Directions :: Make an exact copy of the records below, excluding images.

(Supplied records Opens)

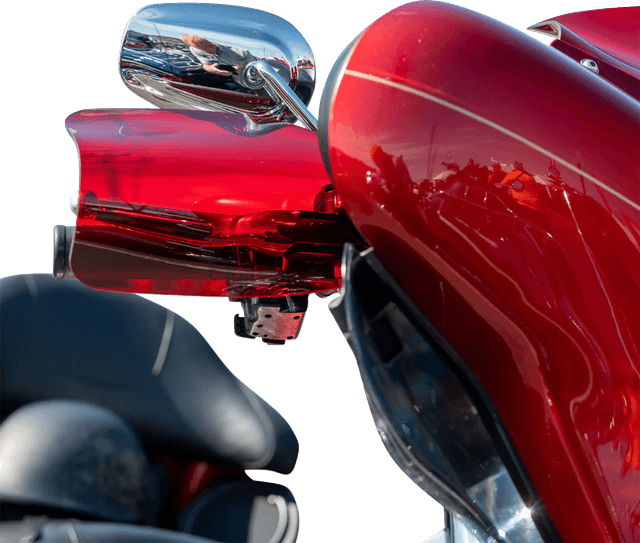 KLOCK WERKS 06352821 Flare® Handguards - '23-'25 Harley-Davidson - Red — image 3 of 5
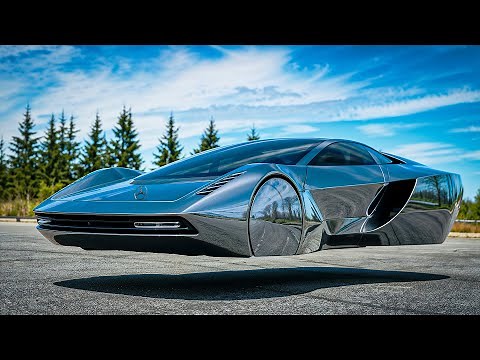 The 10 Most Futuristic Concept Cars of 2024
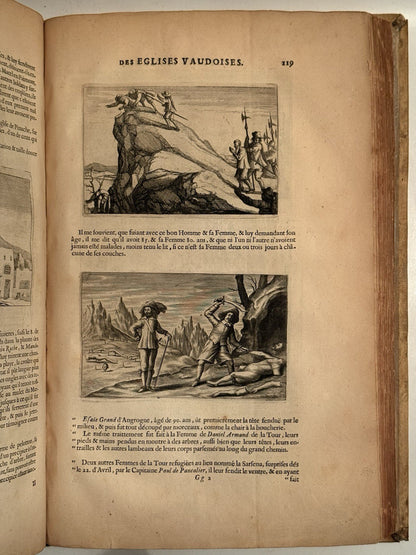 Jean Leger's History of the Waldensians 1669 First Edition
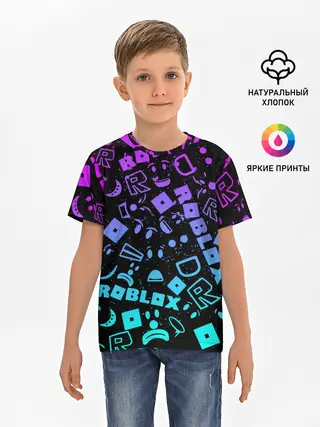Детская базовая футболка / ROBLOX | РОБЛОКС
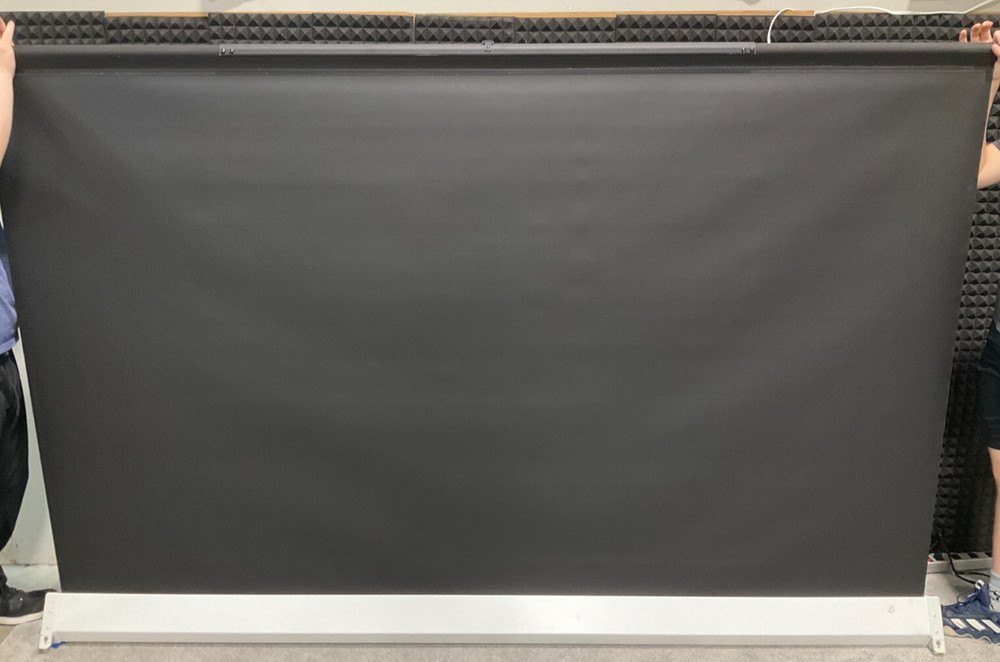 Da-Lite Model C HDTV Projector Screen 54"x96" 94364 ✅❤️️✅❤️ OPEN BOX!
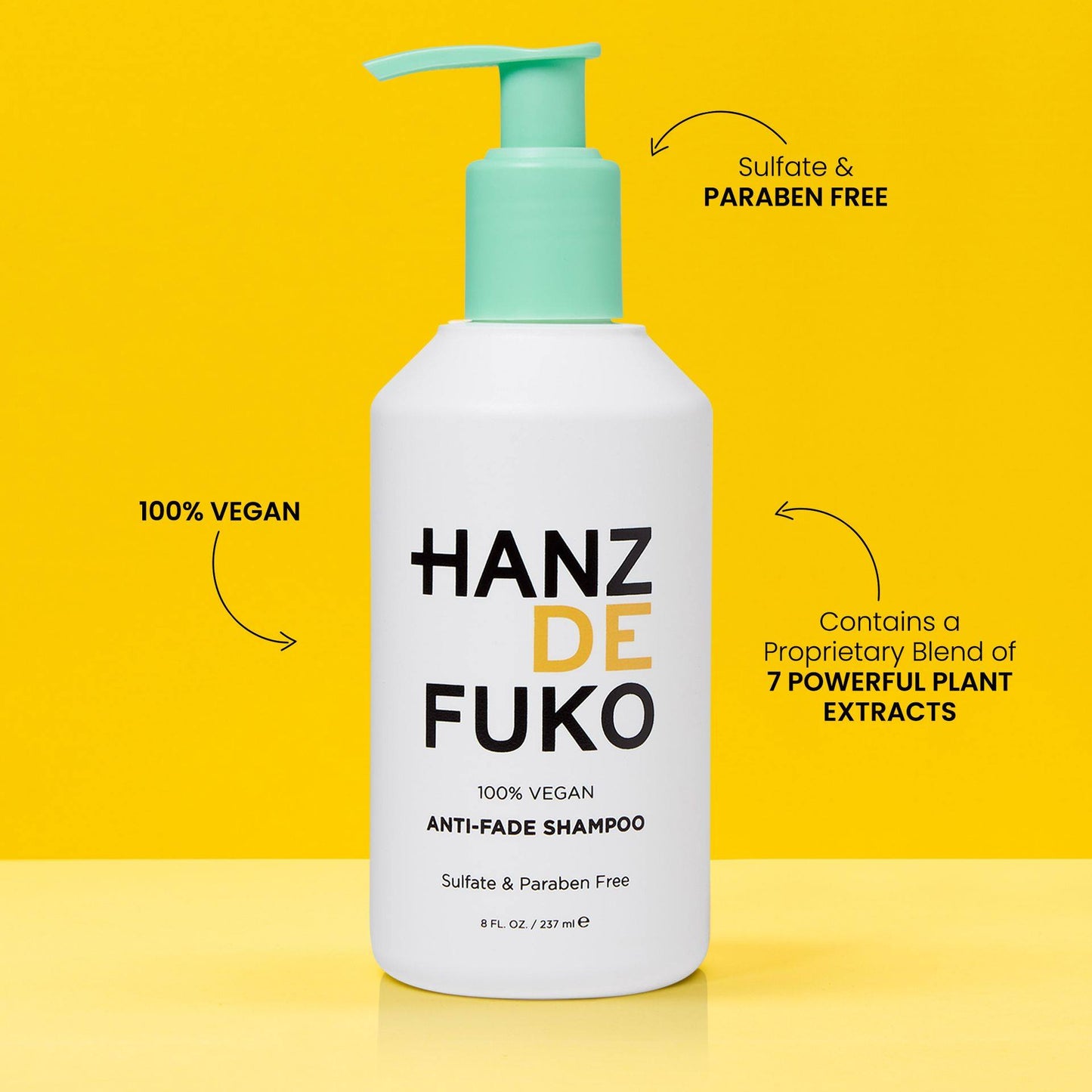Hanz De Fuko Anti-Fade Shampoo 237ml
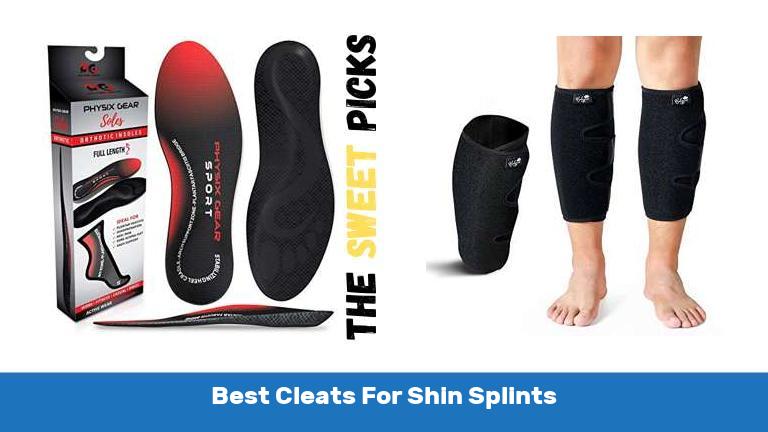 Best Cleats For Shin Splints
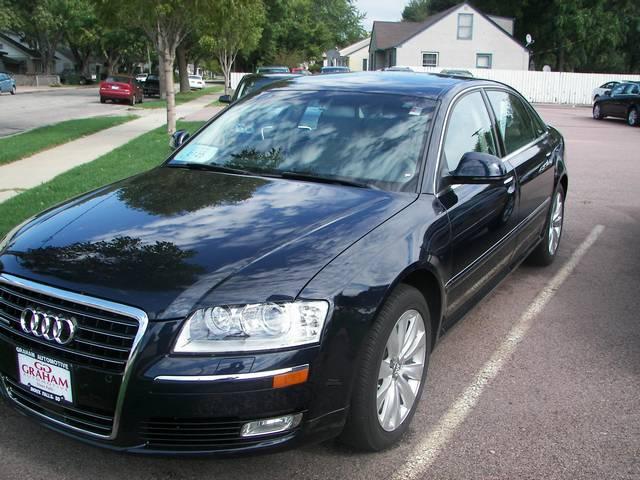 2008 Audi A8 4dr Cpe Auto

(Supplied records Closes)

Your solution ::
 KLOCK WERKS 06352821 Flare® Handguards - '23-'25 Harley-Davidson - Red — image 3 of 5
 The 10 Most Futuristic Concept Cars of 2024
 Jean Leger's History of the Waldensians 1669 First Edition
Детская базовая футболка / ROBLOX | РОБЛОКС
 Da-Lite Model C HDTV Projector Screen 54"x96" 94364 ✅❤️️✅❤️ OPEN BOX!
Hanz De Fuko Anti-Fade Shampoo 237ml
 Best Cleats For Shin Splints
 2008 Audi A8 4dr Cpe Auto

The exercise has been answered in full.